Embodying Saturn Part II
On bringing the planets back down to earth
This newsletter is part of a series on the magical-creative properties of the planets, as well as how to begin embodying them yourself.
So much of astrological study nowadays is confined to book learning but my understanding of the planets improved dramatically when I began engaging them directly. By doing so, I could conjure feelings, deeply-impressed images and great meaning behind the words I used to describe them. I could begin noticing Mercury or Mars acting in my daily life, bringing more of what I needed into my life through activities, planets, colors.
This newsletter offers you a portal to have your own connection to Saturn. It’s one thing to say Saturn is about deep thought or death but it’s another to be in the midst of a solitary study session or harvesting the last produce from your garden and think “Saturn would like this too”.
If you want help connecting to your unique Saturn, and the rest of yourself through the stars, my books are currently open! My readings are meant to lift you up, to secure you against difficulty and remind you that there is always space, creativity, play. Book now to remember your place in the cosmos.

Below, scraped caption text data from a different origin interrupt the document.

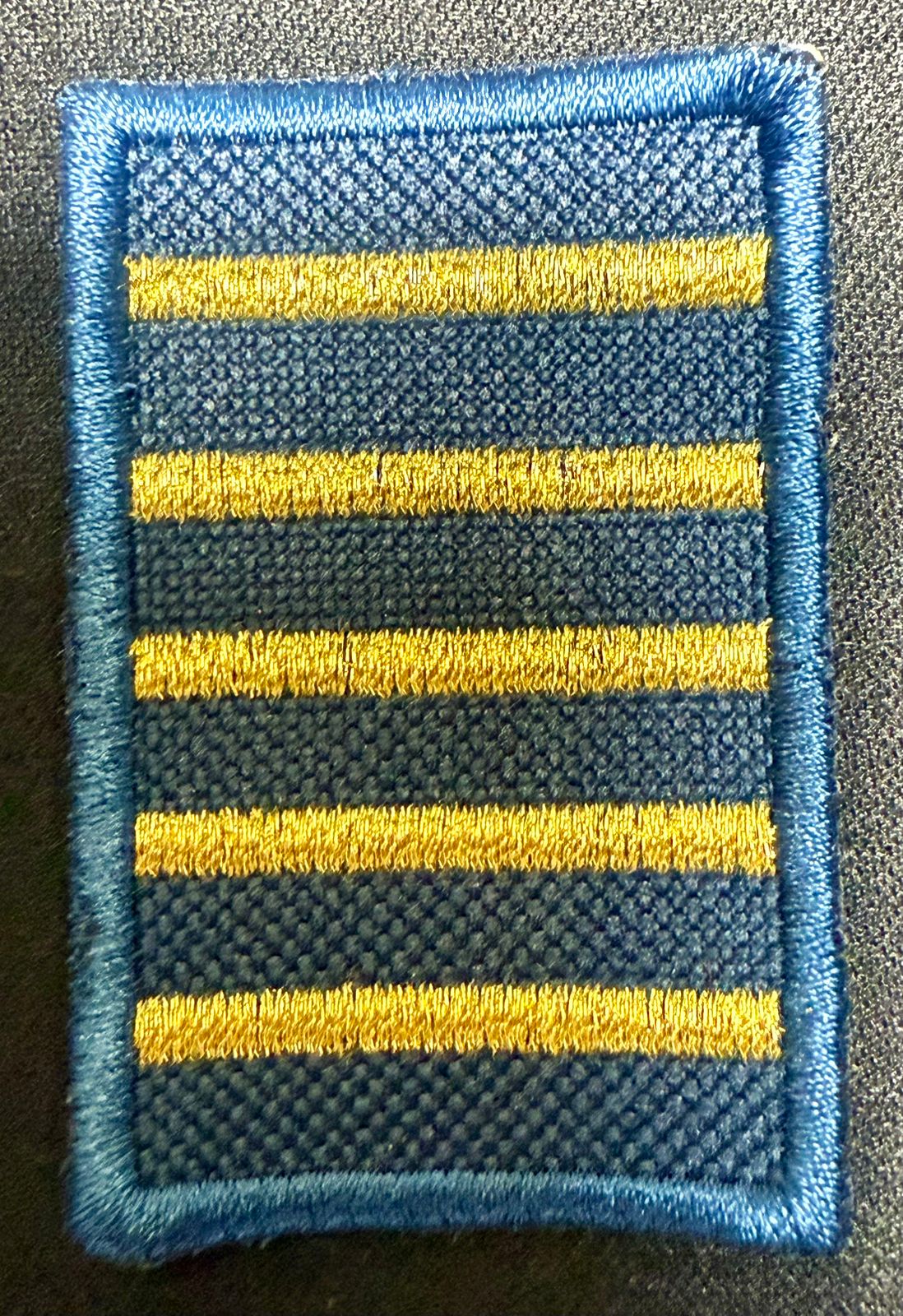 Jerarquia de Cadete Liceo Aeronautico Militar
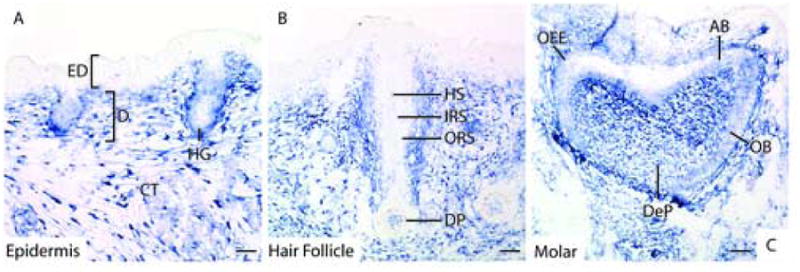 Figure 9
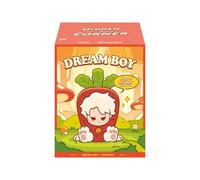DREAM BOY Figura Misteriosa Da Collezione In Scatola Blind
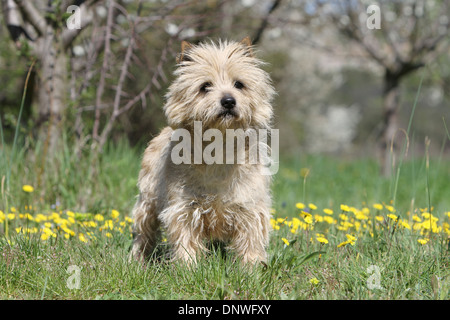 Cane Cairn Terrier / adulti in piedi in un prato Foto Stock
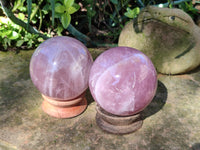 Polished Star Rose Quartz Spheres x 2 From Ambatondrazaka, Madagascar - Toprock Gemstones and Minerals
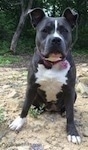 Close up - A blue nose American Bully Pit is sitting in dirt and she is looking forward.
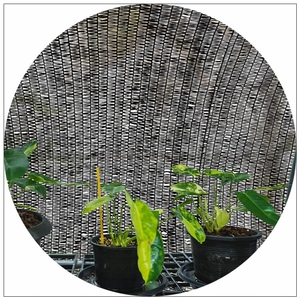 Nhà kính sử dụng tùy chỉnh bóng râm Lưới 50% bóng râm nông bóng râm <span class=keywords><strong>Net</strong></span> trong vườn rau nông nghiệp - Product Image 5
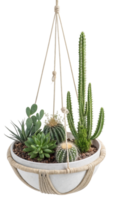 Hanging planter with assorted cacti and succulents isolated on transparent background png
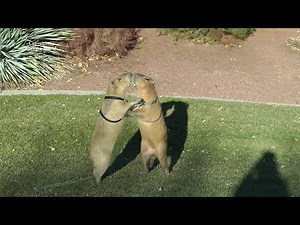 Most Male Capybaras Want to Be Dominant Male. So Play Fighting Soon Turns Aggressive. Romeo Tuff'n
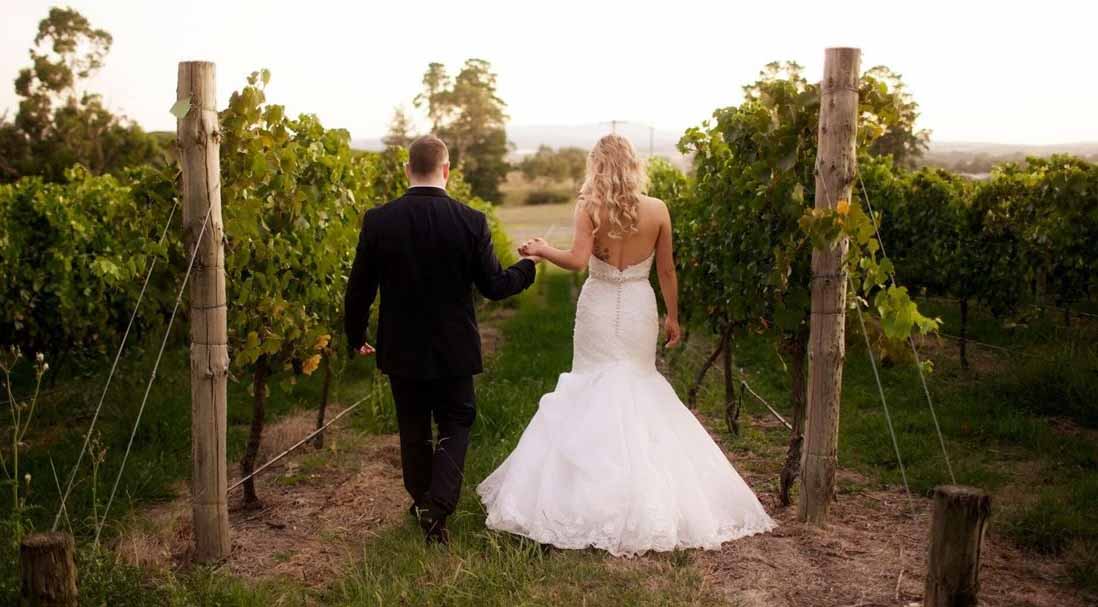 Winery wedding - Balgownie Estate Vineyard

This writing is intentionally not technical and meant to be understood even by those who have not studied astrology but want to connect more deeply to their world and themselves. Remember: these planets all describe fundamental parts of us. Whether you try to or not, you embody Saturn everyday. By learning what functions and activities with which Saturn corresponds, you learn more about yourself and your life, with nothing added but attention.
By reaching this felt understanding of Saturn (and the other planets), I believe we are also able to be better magicians and artists— two categories whose differences are slowly shrinking in my eyes. Do we not need the same centeredness and momentum to create a piece of art as we do to create a spell or gaze into the future? Aren’t we vessels for something beyond our small self in both? This essay also delves into where in your creative-spiritual practice a dose of Saturn could serve you well.
To Read Part I on Embodying Saturn, click here.
One of my favorite passages from Italian scholar Marsilio Ficino regards the seven planets and human nature. He says that all humans and animals partake in the nature of Mars, Venus and the Moon,1 or fighting, copulating and nurturing. Only humans partake in Solar, Mercurial and Jovial things, or the nature of the Sun, Mercury and Jupiter. But whereas all humans share the nature of the three planets, Saturn is singled out as only affecting some of us. “Saturn cannot easily signify the common quality and lot of the human race,” Ficino reasons, “but he signifies an individual set apart from others, divine or brutish, blessed or bowed down with the extreme of misery”.2 Not only is Saturn singled out themselves they also signify and indicate such exiled people.
When explaining Saturn, I always point out its position at the borderlands of the solar system. They are the farthest planet we can see with the naked eye, marking both the distance our sight can go and demarcating its limits. They teeter at the edge of the known and also bar, or delay, our entry to the realms beyond. Even if animals cannot experience Saturn, they can still be of the nature of Saturn, as indicated by Agrippa listing “creeping things that are removed, solitary, nocturnal” animals as under the Greater Malefics’ auspices. Abu Ma’shar also adds long journeys, travel over long distances and absences from your homeland as Saturn’s children. All of these align with the image of Saturn as the parent of the exiled, the separated, those who do not completely belong to the time and place in which they find themselves.
This definition encompasses misanthropes, immigrants, refugees, outcasts, scapegoats, expatriates, the ostracized, or what Dr. Ali Olomi calls “liminal people,” those existing between or in no place.3 Even those who sit alone during lunch or never feel like they fit in can say they are Saturn’s children. But, like much of Saturn, there is a hidden benefit to the separation they afford. Ficino says that while Saturn is “hostile to those people who are either leading publicly an ordinary life… [t]o the minds of those who are truly sequestered as much as possible, he is in a way friendly, as to his kinfolk”.4 Truly submitting to your solitude while “laying aside their ordinary emotions” signals to Saturn that you are sympathetic to their divine will. When you feel alone and hopeless, you are not truly alone because that’s when Saturn emerges as an unlikely benefactor. He even says that Saturn has “relinquished the ordinary life to Jupiter” so Saturn can focusing on “[transcending] the physical”.5
Because, while difficult and isolating, the life of the exile that Saturn so values is also a portal to one of their great gifts: hard-won, durable wisdom.
an activity: Go a coffee shop, cafe, restaurant, you’ve never visited, preferably during a busy time with lots of people, and find a corner in which to sit with your drink. Imagine yourself a visitor from a foreign country or solar system, experiencing this place and culture for the first time. What do you notice? What insight does this outsider’s perspective afford?